Extension of Monte Carlo code MCS to spent fuel cask shielding analysis

SUMMARY The shielding analysis of the spent fuel dry storage cask TN‐32 is carried out using the continuous‐energy Monte Carlo neutron‐ and photon‐transport code MCS developed by the Computational Reactor Physics and Experiment laboratory of the Ulsan National Institute of Science and Technology. The shielding analysis involves the transport simulation of the decay neutrons and gammas emitted by the spent fuel to obtain the neutron and gamma dose rate values outside of the cask. This deep‐penetration problem is solved by means of weight window population control as variance reduction. The TN‐32 cask calculations are repeated with the MCNP6 Monte Carlo code for verification purpose and a good agreement within three standard deviations is observed between MCS and MCNP6. The neutron dose rate on the cask surface and 2 m away from the cask can be calculated with MCS, whereas the photon dose rate calculation for positions outside of the cask will be further improved by employing more sophisticated variance reduction techniques.
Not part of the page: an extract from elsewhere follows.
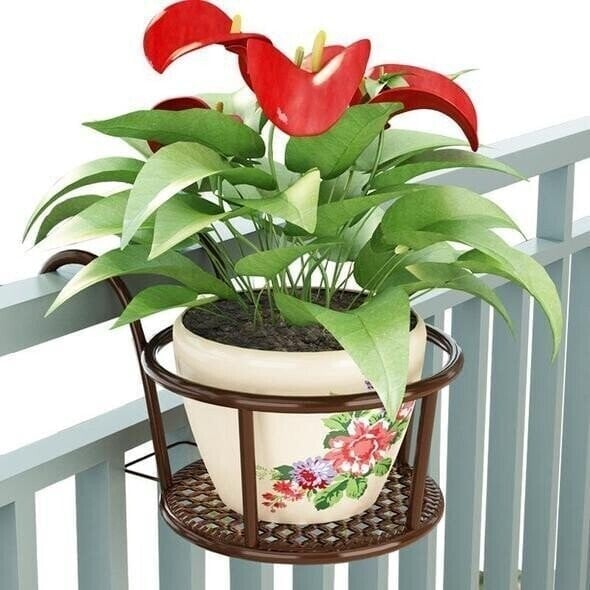 Florify™ -  Blumenständer zum Aufhängen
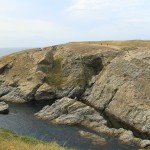 Belle île en TRAIL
The capabilities of the Monte Carlo code MCS have been extended to tackle the shielding analysis of spent fuel casks with high efficiency and reliability. Results obtained from MCS show good agreement with those from the reference code MCNP6. The features deployed in MCS offer a user‐friendly environment, facilitating the modeling of complex geometrical structures and enabling deep‐penetration shielding analysis, thanks to weight‐window based variance reduction technique and tally convergence tests, which allow users to obtain reliable results in reasonable calculation times.